The Syrian opposition is on the verge of its own civil war after clashes broke out Wednesday between Syrian rebels affiliated with al-Qaeda and others affiliated with the Free Syrian Army (FSA) in the north and east of the country.
The al-Qaeda group Islamic State of Iraq and Syria (ISIS) overran
the northern border city of Azaz, which is 3 miles from a key official border crossing with Turkey.
Fighters from Liwa al-Tawhid — a powerful rebel group which is linked to the FSA but has good relations with al Qaeda — arrived from Aleppo to attempt to mediate the dispute. It sounds like negotiations failed.
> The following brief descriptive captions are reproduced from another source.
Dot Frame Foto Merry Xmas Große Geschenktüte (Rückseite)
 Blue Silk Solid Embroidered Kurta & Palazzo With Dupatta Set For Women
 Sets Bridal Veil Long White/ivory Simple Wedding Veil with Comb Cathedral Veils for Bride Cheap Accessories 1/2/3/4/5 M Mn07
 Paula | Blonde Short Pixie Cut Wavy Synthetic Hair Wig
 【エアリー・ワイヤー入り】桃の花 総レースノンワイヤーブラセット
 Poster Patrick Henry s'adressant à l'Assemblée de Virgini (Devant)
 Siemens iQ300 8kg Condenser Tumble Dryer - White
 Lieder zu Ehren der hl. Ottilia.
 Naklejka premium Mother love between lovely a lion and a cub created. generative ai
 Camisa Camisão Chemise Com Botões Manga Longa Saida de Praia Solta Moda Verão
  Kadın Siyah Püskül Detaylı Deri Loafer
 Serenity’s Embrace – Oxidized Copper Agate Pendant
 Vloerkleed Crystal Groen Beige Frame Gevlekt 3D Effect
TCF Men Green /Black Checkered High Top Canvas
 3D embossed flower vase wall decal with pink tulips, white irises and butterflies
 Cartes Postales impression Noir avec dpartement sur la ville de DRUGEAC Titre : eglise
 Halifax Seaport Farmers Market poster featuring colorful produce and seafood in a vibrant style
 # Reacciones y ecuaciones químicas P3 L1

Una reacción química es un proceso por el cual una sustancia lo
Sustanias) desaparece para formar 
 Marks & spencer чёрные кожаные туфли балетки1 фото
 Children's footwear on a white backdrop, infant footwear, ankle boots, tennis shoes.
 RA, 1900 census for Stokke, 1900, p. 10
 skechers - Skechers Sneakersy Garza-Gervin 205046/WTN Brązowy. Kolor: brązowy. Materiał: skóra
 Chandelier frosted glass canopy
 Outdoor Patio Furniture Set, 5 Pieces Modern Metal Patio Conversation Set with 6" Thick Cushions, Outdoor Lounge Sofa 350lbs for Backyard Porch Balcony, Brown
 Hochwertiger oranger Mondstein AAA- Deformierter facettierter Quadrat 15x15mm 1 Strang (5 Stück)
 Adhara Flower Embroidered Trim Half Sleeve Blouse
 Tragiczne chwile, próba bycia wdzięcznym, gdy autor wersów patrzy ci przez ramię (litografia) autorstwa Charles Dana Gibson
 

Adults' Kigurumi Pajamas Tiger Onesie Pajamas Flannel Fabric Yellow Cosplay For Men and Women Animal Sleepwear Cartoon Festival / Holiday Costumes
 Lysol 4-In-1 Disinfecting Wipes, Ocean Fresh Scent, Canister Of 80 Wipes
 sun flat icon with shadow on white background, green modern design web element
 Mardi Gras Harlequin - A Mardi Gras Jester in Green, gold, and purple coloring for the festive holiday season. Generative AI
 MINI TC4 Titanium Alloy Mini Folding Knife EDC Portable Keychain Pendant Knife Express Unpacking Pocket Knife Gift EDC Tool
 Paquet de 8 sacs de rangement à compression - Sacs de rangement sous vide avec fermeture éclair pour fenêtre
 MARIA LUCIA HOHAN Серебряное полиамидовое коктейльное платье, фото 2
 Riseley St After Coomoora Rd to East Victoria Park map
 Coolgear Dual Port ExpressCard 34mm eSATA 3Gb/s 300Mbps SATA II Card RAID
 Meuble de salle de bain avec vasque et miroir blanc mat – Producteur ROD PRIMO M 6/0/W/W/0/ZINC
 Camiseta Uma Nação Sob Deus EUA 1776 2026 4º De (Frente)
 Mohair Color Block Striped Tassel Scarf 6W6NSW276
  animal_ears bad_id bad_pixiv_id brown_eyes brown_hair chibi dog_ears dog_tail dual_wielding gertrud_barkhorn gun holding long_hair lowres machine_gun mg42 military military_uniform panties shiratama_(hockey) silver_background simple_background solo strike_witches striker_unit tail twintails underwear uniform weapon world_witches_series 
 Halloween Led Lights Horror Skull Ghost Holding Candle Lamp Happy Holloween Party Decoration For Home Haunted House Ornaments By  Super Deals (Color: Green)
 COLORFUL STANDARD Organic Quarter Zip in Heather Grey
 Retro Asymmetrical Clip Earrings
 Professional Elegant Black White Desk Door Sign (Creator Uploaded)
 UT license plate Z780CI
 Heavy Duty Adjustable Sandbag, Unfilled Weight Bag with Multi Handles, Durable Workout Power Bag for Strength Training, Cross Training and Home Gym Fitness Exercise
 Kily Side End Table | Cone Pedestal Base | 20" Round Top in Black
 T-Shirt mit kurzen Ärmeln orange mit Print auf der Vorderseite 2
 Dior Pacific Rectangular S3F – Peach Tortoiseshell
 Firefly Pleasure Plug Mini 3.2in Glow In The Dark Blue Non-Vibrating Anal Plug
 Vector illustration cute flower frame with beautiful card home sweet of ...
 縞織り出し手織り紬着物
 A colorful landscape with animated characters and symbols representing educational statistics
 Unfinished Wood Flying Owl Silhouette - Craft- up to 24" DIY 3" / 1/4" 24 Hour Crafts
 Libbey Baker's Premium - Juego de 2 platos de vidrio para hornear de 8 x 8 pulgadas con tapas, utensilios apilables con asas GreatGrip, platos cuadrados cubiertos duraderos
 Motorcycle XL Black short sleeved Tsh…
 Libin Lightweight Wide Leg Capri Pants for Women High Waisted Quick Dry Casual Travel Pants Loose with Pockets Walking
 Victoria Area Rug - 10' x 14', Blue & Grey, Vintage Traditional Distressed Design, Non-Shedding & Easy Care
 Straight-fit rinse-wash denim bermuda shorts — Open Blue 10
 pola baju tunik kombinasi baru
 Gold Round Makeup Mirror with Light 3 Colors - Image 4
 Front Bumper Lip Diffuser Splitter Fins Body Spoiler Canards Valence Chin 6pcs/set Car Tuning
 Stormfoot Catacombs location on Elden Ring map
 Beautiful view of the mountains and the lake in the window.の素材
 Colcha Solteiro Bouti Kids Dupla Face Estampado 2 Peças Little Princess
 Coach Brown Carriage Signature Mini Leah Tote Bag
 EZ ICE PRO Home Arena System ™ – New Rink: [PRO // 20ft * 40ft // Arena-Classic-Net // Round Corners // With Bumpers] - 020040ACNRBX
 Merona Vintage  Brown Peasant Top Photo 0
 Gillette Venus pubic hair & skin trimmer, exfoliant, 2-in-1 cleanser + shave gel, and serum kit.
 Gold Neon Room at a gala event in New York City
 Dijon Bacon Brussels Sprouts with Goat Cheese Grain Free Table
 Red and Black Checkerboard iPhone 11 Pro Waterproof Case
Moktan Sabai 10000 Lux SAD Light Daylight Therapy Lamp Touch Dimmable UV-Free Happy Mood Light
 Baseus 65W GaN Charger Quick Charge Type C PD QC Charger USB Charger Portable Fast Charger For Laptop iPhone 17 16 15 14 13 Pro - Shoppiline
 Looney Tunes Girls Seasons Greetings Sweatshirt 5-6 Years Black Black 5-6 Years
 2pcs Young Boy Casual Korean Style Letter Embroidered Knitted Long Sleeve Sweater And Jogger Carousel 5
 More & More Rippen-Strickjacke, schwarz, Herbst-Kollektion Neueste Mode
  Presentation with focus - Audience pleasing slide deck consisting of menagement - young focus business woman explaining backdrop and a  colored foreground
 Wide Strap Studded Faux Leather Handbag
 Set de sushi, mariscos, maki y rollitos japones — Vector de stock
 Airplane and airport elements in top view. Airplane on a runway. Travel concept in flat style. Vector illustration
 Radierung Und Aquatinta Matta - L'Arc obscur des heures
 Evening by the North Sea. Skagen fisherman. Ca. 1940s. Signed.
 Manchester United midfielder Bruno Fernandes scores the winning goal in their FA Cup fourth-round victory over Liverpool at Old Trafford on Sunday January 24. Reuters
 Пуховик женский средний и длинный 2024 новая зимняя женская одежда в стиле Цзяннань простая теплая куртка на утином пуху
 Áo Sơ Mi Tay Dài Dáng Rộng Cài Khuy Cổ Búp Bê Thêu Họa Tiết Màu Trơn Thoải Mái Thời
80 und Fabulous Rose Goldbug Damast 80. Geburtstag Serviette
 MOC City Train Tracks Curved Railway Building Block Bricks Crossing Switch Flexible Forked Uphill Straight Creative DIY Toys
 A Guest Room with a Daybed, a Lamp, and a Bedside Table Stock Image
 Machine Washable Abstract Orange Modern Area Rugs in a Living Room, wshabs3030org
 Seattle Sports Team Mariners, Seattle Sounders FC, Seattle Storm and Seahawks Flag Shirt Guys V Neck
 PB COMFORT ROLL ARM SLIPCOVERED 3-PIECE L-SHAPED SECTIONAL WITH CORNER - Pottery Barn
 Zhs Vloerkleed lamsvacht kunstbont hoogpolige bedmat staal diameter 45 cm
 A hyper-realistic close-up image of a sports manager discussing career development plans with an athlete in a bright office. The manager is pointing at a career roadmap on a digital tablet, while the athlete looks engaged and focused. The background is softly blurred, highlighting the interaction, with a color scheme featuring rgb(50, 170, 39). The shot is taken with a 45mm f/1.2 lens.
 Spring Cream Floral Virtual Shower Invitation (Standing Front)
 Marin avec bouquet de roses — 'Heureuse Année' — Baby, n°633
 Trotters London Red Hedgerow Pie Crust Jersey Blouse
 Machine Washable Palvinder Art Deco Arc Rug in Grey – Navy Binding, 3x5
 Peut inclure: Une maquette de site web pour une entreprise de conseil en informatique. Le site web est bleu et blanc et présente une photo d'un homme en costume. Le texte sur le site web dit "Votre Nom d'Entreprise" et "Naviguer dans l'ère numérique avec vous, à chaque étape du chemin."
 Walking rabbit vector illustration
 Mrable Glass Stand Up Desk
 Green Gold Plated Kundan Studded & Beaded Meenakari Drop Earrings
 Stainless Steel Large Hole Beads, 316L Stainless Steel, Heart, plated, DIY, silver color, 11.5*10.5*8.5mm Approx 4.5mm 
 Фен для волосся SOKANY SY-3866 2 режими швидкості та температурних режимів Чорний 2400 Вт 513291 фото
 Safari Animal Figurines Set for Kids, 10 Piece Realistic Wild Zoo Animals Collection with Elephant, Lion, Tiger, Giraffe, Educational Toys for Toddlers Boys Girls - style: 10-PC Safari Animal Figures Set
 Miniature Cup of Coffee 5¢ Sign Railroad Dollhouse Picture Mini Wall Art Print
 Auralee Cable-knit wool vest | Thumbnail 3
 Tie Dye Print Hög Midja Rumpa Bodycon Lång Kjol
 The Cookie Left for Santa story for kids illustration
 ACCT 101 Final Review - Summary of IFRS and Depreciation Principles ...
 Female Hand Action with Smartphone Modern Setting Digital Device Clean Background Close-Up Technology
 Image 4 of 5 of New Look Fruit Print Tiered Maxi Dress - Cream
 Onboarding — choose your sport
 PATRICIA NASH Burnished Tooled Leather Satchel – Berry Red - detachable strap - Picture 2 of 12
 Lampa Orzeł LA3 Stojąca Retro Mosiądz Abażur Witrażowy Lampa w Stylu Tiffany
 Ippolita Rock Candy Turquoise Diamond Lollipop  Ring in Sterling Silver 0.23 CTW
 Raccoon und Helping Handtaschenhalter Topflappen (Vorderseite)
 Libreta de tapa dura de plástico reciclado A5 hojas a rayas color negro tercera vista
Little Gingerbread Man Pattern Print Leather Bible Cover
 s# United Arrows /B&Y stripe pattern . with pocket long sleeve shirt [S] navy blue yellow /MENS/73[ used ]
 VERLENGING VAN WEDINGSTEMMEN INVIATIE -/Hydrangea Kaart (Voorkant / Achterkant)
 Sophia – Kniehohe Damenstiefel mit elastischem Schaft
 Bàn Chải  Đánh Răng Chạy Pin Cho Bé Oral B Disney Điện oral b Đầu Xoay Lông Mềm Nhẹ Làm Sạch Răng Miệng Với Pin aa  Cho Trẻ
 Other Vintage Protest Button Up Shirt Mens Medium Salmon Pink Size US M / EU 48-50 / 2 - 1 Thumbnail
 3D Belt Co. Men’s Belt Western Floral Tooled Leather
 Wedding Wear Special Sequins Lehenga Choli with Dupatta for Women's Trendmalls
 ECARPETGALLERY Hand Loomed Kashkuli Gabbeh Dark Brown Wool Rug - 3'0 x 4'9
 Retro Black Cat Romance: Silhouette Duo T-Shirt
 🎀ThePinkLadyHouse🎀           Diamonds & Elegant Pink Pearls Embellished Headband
Jenan Moussa, a reporter for Dubai-based Al Aan TV who is at the border, reports that fighting has started. Moussa and Al Jazeera reporter Anita McNaught report
that Liwa al-Tawhid, the largest rebel group in Aleppo, is now fighting ISIS on the side of the FSA.
If true that Liwa’ al-Tawhid is fighting with FSA battalions against ISIS that is quite significant.
— Aaron Y. Zelin (@azelin) September 19, 2013
Last month ISIS pushed the FSA’s Ahfad al-Rasoul brigades out of Raqqa with attacks including suicide car bombs. And last week ISIS began an operation called “The Repudiation of Malignity” around Syria’s largest city of Aleppo.
On Wednesday ISIS and FSA rebels battled in the eastern city of Deir Ezzor. And it seems that after Azaz, the FSA and less-extreme rebel groups are pushing back.
“There’s been a real shift in focus [among Syrians in the north],” a Western official working with the opposition told The Wall Street Journal. “A sense of ‘We can’t get rid of the regime without getting rid of [ISIS] first.'”
This could escalate quickly. We’ll keep this post updated.